[[ MATERIAL PROVIDED, beginning ]]

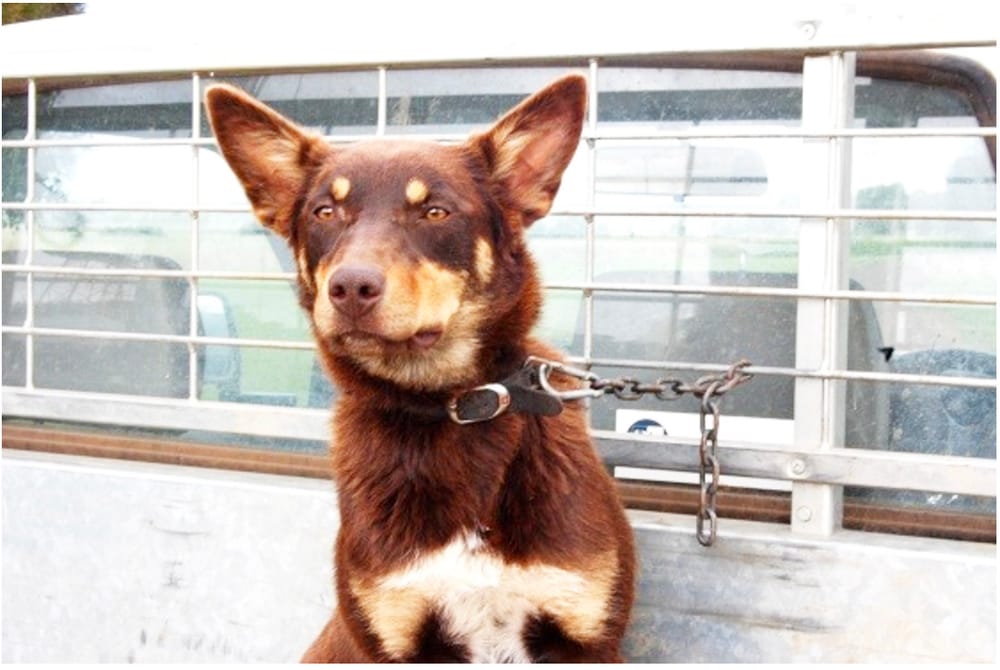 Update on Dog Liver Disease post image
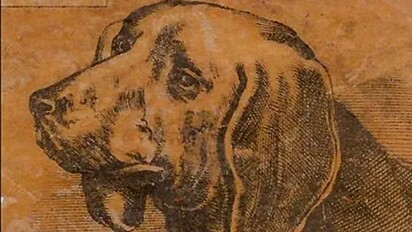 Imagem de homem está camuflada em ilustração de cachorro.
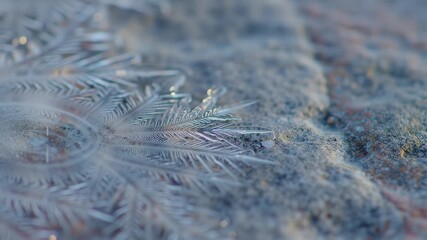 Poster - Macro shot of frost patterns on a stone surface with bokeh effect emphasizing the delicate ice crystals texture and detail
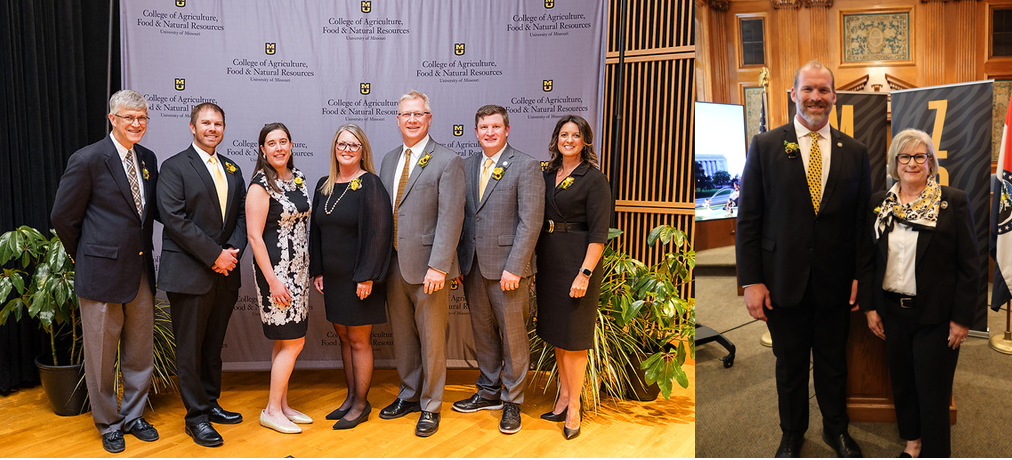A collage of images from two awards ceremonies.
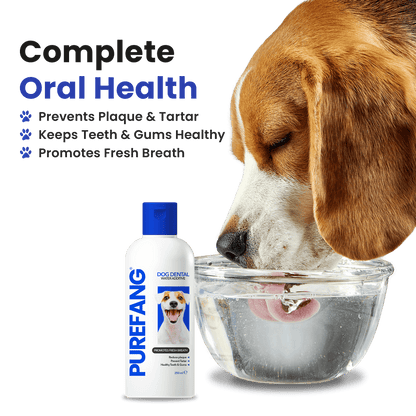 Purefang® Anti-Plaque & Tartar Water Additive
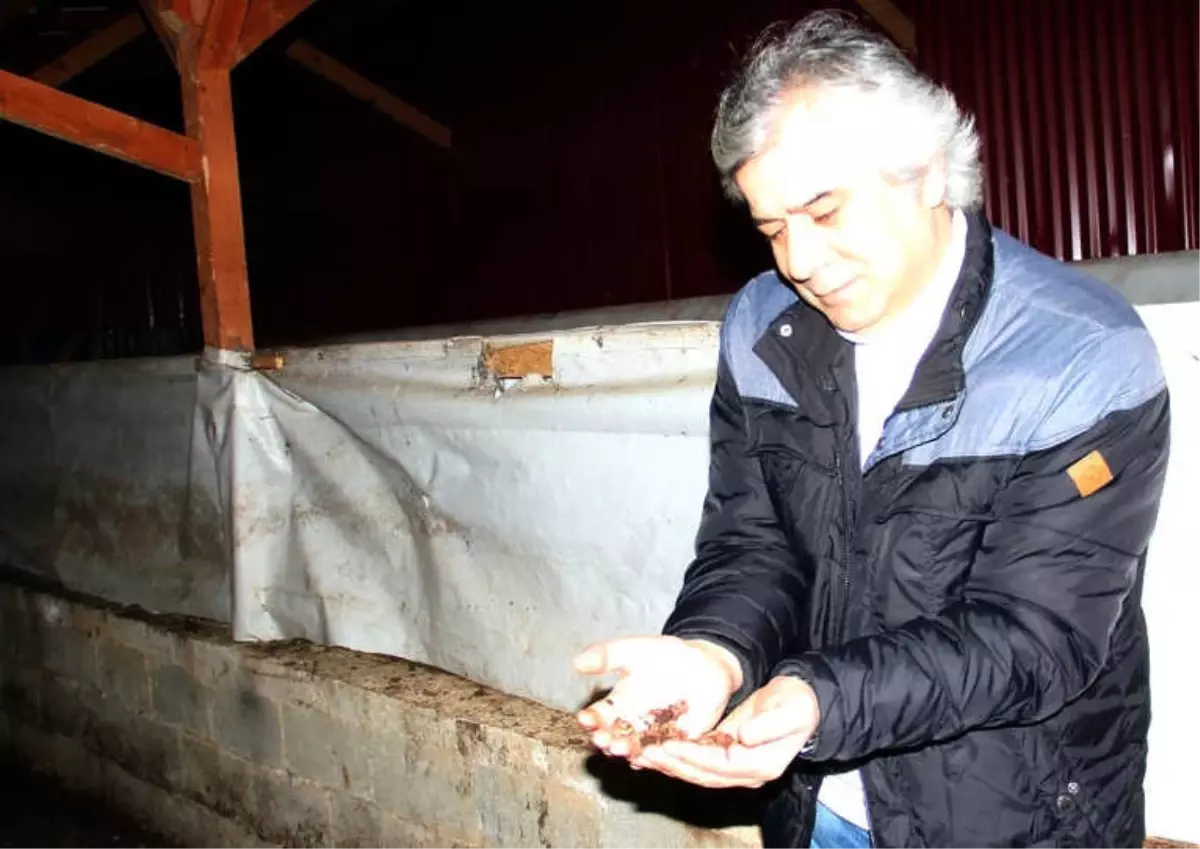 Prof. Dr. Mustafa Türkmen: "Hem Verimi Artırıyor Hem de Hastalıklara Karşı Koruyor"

[[ MATERIAL PROVIDED, end ]]

- [AIM OF THE TASK]
Repeat each entry exactly. Pictures do not belong in the copy.

- [ANSWER TO THIS TASK]
 Update on Dog Liver Disease post image
 Imagem de homem está camuflada em ilustração de cachorro.
 Poster - Macro shot of frost patterns on a stone surface with bokeh effect emphasizing the delicate ice crystals texture and detail
A collage of images from two awards ceremonies.
 Purefang® Anti-Plaque & Tartar Water Additive
 Prof. Dr. Mustafa Türkmen: "Hem Verimi Artırıyor Hem de Hastalıklara Karşı Koruyor"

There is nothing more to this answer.